Eucalyptus pulverulenta, commonly known as silver-leaved mountain gum, is a species of straggly tree or mallee that is endemic to southern New South Wales. It has smooth bark, egg-shaped, heart-shaped or round, sessile leaves arranged in opposite pairs, flower buds in groups of three, white flowers and cup-shaped to cylindrical fruit.

==Description==
Eucalyptus pulverulenta is a straggly tree or mallee that typically grows to a height of 5 m or a tree to 9 m, and forms a lignotuber. It has smooth, greenish to grey or brown bark, sometimes hanging in short ribbons. The crown of the tree has almost exclusively juvenile leaves that are egg-shaped to round or heart-shaped, glaucous, sessile, 15-50 mm long, 20-50 mm wide and arranged in opposite pairs. The flower buds are arranged in leaf axils in groups of three on an unbranched peduncle 3-12 mm long, the individual buds sessile or on pedicels up to 3 mm long. Mature buds are glaucous, oval to diamond-shaped, 9-11 mm long, 4-7 mm wide with a conical to beaked operculum. Flowering occurs from May to November and the flowers are white. The fruit is a woody, cup-shaped to cylindrical capsule 5-10 mm long, 6-11 mm wide with the valves near rim level.

==Taxonomy==
Eucalyptus pulverulenta was first formally described in 1819 by John Sims in the Botanical Magazine. The specific epithet (pulverulenta) is from the Latin word pulveratus meaning "powdered", referring to the white covering on the leaves, buds and fruit.

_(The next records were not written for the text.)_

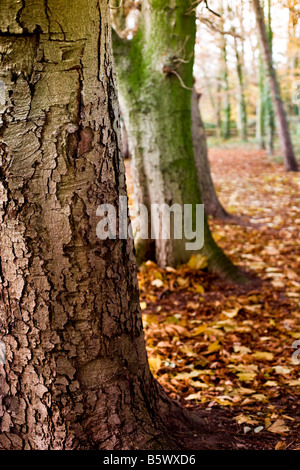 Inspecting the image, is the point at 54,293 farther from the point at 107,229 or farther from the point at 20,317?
the point at 107,229

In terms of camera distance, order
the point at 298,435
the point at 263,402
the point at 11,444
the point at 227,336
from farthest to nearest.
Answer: the point at 227,336, the point at 263,402, the point at 298,435, the point at 11,444

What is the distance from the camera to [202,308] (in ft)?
13.8

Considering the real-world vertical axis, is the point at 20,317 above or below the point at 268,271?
above

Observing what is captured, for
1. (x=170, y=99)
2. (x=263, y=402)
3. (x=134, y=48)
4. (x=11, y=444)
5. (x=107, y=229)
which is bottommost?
(x=263, y=402)

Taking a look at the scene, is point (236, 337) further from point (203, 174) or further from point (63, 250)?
point (203, 174)

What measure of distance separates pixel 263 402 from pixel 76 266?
5.52 ft

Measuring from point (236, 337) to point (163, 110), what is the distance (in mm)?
2530

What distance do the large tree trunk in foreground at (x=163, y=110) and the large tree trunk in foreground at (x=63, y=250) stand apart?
3.04 m

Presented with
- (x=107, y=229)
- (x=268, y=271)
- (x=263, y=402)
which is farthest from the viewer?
(x=268, y=271)

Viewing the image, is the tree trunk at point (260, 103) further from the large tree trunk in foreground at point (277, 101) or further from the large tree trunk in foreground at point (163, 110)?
the large tree trunk in foreground at point (163, 110)

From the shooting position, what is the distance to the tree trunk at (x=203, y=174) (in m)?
7.53

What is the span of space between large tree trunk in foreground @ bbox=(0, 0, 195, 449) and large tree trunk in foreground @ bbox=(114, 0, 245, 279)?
120 inches

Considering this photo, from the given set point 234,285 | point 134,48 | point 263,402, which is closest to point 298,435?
point 263,402

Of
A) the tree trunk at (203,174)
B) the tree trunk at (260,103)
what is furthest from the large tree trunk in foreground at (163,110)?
the tree trunk at (260,103) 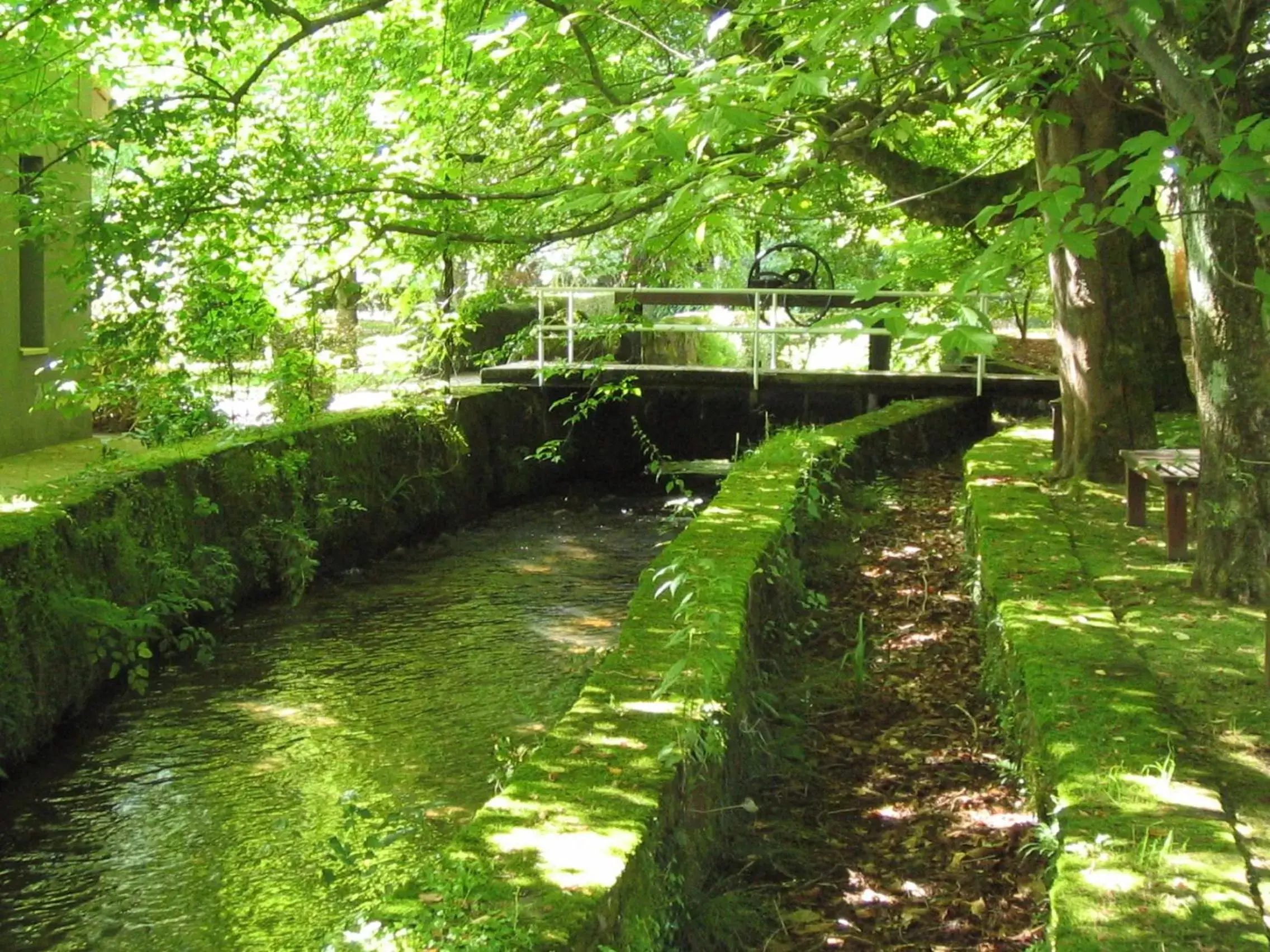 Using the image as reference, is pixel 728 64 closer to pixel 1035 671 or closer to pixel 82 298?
pixel 1035 671

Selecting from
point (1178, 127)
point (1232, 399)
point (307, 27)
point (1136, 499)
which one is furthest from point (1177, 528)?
point (307, 27)

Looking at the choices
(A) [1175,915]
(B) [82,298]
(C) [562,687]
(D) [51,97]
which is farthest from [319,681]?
(A) [1175,915]

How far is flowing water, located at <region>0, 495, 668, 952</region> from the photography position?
5.63 meters

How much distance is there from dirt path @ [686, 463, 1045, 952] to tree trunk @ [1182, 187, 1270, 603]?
1.44 meters

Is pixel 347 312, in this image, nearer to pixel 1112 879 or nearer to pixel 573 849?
pixel 573 849

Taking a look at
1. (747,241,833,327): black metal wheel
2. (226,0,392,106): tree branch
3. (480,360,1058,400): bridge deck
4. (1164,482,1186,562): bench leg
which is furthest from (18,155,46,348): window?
(1164,482,1186,562): bench leg

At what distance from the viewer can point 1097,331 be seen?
9.96m

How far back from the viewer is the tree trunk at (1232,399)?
20.9ft

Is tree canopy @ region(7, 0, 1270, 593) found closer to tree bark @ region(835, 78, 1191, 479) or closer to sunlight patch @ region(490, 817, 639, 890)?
tree bark @ region(835, 78, 1191, 479)

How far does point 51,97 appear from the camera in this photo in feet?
27.0

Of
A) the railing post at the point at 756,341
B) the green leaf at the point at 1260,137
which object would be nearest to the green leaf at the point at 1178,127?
the green leaf at the point at 1260,137

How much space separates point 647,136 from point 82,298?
12.7ft

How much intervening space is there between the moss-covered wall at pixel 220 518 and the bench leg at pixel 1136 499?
6197 mm

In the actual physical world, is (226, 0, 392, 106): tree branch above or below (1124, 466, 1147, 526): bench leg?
above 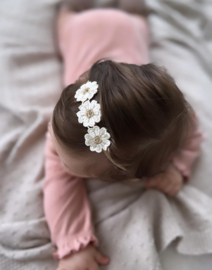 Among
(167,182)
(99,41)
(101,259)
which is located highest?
(99,41)

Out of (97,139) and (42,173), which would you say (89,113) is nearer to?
(97,139)

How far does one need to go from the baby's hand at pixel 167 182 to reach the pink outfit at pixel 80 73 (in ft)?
0.09

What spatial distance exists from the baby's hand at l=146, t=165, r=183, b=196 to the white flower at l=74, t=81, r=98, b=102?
332 mm

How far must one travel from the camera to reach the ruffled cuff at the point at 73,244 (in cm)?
60

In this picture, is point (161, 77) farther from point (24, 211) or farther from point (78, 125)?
point (24, 211)

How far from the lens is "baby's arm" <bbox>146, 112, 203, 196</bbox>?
691 mm

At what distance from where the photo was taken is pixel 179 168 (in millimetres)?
706

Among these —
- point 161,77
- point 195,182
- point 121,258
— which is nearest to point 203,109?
point 195,182

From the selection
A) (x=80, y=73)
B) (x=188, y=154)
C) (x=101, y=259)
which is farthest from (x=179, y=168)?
(x=80, y=73)

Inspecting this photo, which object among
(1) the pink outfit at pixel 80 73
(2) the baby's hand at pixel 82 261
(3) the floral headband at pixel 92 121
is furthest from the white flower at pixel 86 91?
(2) the baby's hand at pixel 82 261

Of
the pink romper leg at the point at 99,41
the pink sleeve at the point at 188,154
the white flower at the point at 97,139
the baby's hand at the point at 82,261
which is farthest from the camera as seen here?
the pink romper leg at the point at 99,41

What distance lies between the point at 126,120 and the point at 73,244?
33 centimetres

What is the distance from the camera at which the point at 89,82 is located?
1.56 ft

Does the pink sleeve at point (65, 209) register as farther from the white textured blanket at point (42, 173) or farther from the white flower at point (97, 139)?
the white flower at point (97, 139) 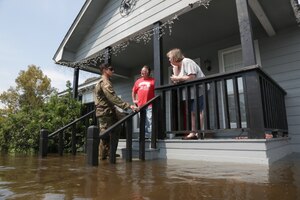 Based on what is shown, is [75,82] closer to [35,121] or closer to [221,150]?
[35,121]

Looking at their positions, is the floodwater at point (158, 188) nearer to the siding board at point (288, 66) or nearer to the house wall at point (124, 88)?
the siding board at point (288, 66)

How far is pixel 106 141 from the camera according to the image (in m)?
3.68

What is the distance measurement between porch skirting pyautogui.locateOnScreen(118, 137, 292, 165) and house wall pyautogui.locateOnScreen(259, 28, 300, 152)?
142cm

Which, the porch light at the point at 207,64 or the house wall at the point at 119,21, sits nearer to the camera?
the house wall at the point at 119,21

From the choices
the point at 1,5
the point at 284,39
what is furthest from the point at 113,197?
the point at 284,39

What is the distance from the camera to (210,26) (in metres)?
5.39

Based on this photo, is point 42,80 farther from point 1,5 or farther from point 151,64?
point 1,5

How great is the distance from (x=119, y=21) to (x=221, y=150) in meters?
4.11

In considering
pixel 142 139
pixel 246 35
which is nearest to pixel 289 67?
pixel 246 35

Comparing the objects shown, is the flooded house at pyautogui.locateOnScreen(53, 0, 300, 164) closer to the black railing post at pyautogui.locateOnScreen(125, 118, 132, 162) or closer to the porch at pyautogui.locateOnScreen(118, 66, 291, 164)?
the porch at pyautogui.locateOnScreen(118, 66, 291, 164)

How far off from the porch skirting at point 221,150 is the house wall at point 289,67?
56.0 inches

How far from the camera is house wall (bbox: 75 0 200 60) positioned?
4738 mm

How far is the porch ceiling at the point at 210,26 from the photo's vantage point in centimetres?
460

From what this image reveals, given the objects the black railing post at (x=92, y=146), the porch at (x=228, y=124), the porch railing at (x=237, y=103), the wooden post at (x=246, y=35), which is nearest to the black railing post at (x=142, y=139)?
the porch at (x=228, y=124) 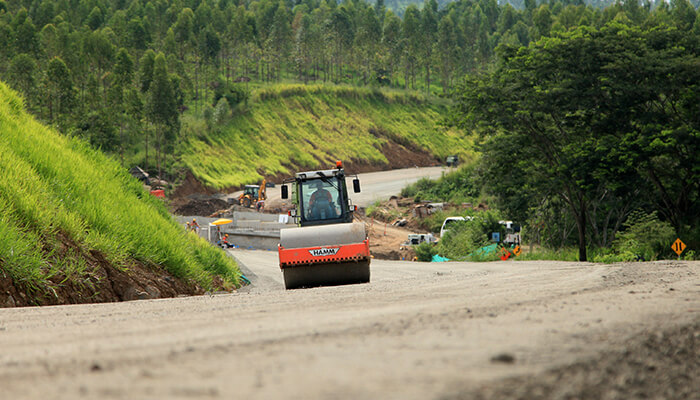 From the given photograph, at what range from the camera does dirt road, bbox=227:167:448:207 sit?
74500mm

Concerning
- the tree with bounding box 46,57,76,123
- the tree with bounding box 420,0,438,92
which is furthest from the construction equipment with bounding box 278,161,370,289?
the tree with bounding box 420,0,438,92

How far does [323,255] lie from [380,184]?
7257cm

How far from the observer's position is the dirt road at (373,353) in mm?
3475

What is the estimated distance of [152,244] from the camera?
48.1 feet

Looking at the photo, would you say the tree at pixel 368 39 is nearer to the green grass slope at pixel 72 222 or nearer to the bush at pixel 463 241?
the bush at pixel 463 241

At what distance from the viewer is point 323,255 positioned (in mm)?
14883

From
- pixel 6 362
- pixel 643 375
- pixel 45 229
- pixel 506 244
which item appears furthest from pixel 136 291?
pixel 506 244

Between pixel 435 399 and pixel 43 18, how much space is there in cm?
12006

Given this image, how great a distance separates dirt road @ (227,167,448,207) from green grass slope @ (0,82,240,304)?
49921 millimetres

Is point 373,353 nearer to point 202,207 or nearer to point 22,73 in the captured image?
point 202,207

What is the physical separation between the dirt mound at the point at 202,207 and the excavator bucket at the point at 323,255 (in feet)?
159

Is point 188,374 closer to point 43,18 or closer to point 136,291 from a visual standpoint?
point 136,291

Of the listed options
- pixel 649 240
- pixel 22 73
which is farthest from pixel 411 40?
pixel 649 240

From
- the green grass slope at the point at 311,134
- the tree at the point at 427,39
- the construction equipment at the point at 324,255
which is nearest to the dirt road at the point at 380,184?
the green grass slope at the point at 311,134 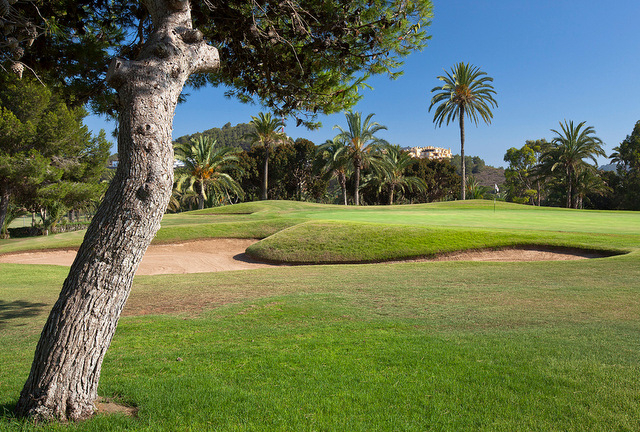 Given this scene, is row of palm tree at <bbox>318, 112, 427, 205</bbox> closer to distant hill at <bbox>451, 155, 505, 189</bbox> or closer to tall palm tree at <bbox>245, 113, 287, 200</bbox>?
tall palm tree at <bbox>245, 113, 287, 200</bbox>

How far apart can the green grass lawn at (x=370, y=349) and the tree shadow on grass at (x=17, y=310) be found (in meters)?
0.06

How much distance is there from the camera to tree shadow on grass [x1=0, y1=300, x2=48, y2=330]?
8.84 meters

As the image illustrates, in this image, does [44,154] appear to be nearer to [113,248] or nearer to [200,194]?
[200,194]

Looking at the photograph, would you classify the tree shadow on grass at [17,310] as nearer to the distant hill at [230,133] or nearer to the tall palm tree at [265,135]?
the tall palm tree at [265,135]

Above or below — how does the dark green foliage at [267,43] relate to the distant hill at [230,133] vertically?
below

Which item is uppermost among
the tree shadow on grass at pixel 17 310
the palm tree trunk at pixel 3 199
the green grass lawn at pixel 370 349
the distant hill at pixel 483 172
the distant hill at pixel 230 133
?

==Distribution and habitat==
Silver-leaved mountain gum is only known from a few scattered populations on the Central and Southern Tablelands of New South Wales, between Bathurst and Bombala. It grows in grassy woodland on hillsides and mountains.

==Conservation status==
This eucalypt is classified as "vulnerable" under the Australian Government Environment Protection and Biodiversity Conservation Act 1999. It was only known from about 5,400 plant in ten populations in 1990. The main threats to the species are habitat damage due to grazing, clearing of vegetation for fire trail, and its small population size.

==Use in horticulture==
A cultivar known as 'Baby Blue' is a dwarf form of E. pulverulenta.